With networks pushing C7 measurement and Nielsen's making multiscreen
numbers available, how will the measurement issue play out in this upfront?
Geraci:
It's really too late at this point to get a
significant number of advertisers on board a C7 metric for this
upfront, and for a certain number of them, full C7 will never be an option for
the entirety of a flight or campaign. Nielsen's online measurement, and an
improved multi-platform assessment will certainly play a role in the
marketplace going forward long-term, regardless of the agreements made in this
year's upfront.

Gordon: This is
all about accountability.
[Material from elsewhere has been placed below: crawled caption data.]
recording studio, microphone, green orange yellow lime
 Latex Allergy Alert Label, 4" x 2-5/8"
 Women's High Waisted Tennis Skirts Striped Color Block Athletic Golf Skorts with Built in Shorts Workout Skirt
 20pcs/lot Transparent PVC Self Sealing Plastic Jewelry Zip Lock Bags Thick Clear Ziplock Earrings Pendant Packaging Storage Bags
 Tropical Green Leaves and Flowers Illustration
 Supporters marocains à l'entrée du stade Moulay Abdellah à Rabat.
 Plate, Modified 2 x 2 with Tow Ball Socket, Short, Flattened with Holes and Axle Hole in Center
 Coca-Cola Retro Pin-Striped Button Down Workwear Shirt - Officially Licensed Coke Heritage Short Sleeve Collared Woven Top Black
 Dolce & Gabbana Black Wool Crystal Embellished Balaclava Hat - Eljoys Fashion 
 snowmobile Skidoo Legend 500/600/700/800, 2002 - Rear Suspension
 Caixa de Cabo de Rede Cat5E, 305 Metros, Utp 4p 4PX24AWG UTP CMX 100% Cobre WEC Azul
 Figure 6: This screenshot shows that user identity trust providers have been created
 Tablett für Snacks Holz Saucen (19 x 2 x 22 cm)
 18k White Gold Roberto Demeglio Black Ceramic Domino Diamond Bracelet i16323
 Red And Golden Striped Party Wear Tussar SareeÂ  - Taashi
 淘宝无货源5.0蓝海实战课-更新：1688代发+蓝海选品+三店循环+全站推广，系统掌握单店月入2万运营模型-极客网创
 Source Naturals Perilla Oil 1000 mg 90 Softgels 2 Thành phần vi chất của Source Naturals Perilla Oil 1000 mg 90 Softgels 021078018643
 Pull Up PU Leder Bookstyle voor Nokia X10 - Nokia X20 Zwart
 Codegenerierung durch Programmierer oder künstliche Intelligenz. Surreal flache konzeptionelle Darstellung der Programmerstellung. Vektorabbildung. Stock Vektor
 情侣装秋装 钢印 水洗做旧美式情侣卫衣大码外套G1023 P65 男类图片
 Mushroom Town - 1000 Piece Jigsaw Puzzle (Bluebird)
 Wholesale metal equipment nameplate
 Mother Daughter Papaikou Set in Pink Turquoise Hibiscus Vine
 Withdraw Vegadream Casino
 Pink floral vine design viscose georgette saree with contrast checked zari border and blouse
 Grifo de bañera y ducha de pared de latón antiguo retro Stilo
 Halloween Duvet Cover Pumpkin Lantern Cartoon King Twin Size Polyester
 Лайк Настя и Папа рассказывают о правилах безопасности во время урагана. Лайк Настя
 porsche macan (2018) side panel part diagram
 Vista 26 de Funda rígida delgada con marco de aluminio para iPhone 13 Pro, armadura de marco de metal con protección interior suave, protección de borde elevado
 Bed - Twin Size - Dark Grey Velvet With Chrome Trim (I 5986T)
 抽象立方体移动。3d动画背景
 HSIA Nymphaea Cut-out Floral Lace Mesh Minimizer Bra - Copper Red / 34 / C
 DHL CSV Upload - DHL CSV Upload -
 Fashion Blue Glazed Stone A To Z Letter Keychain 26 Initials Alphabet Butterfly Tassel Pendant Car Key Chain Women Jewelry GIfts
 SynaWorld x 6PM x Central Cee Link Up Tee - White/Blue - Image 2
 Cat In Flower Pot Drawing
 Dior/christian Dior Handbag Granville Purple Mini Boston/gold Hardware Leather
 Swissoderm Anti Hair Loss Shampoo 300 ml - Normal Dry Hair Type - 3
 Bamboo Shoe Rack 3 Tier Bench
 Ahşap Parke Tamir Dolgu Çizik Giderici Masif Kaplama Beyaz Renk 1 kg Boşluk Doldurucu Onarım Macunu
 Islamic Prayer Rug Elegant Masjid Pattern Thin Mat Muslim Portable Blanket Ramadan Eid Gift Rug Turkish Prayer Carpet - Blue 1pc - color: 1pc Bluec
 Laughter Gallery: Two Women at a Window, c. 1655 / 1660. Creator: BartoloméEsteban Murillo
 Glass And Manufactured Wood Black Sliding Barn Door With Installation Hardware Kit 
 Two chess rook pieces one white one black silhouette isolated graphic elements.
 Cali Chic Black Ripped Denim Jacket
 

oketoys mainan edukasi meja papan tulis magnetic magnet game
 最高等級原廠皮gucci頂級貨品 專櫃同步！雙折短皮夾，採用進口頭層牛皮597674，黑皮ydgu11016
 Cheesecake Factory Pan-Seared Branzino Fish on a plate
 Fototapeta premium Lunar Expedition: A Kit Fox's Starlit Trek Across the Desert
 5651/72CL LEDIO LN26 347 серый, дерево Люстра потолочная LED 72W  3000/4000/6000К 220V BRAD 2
Every dollar needs to work harder, and every dollar
is held accountable to deliver against a campaign objective-to make the
register ring. But how can we be truly accountable if we don't have better
estimates of the audience viewing our commercials? Our clients are asking for
accurate measurement of their creative messages across platform on a more
granular basis than ever before. Media owners offering that level of
accountability will see their share of budgets increase.

Nitti: Non-C3
metrics make sense for certain advertisers but certainly not the large
majority, so where they make sense, we are open to having the conversation. The
bigger question is how we are going to be able to accurately measure the
contributions to viewership beyond the linear screen and online video. The
growth in mobile, over-the-top, tablet and VOD are all eating away at C3
numbers, and until we are able to aggregate them all together, we can't paint
the full picture of viewership. Affinity and passion for video content is
stronger than ever, but traditional measurement doesn't tell that story. Nielsen
and ComScore can capture some of this through OCR [online campaign ratings],
XCR [cross-platform campaign ratings] and vCE [validated campaign essentials],
respectively, but we are still lacking with respect to mobile, tablet and set-top
box VOD...we are committed to pushing as an industry and being a part of an
expedient solution.

Richman:
Measurement and data have always played a role in the upfronts. But this year
in particular it's more acute as big data-in both volume and velocity-becomes
as talked about as big hits. Neither C7 nor Nielsen will be the deciding factor
concerning where the money flows unless networks make it one. What will be more
interesting is where this leads in the years to come as we move beyond average
commercial ratings to brand-specific commercial ratings and real-time data. At
that point, we'll see the upfront truly evolve to support business goals with more
precision.

Merrifield: C7
is a pure artificial inflation of supply and a masking of paying more for less.
I see no upside for my clients to jump to a metric in which a few shows see a
bump. The next industry measurement innovation is against ROI, and target
optimization. I see no benefit to C7 for my clients or the industry; we need to
move in collaboration, if monetization of all screens is truly the goal.

Silkworth: It is
a hot topic, but in my opinion not something that is as simple a solution as
moving from C3 to C7. The marketplace has changed since the move to C3: yes,
higher DVR penetration, but also a greater appetite for accountability and
measurement outside of just additional days of DVR viewing. It is also
important to note that not all networks are impacted by time shifting to the
same degree. For example, the largest Spanish-language network, which is often
the solid No. 4 broadcast network regardless of language, is almost DVR-proof.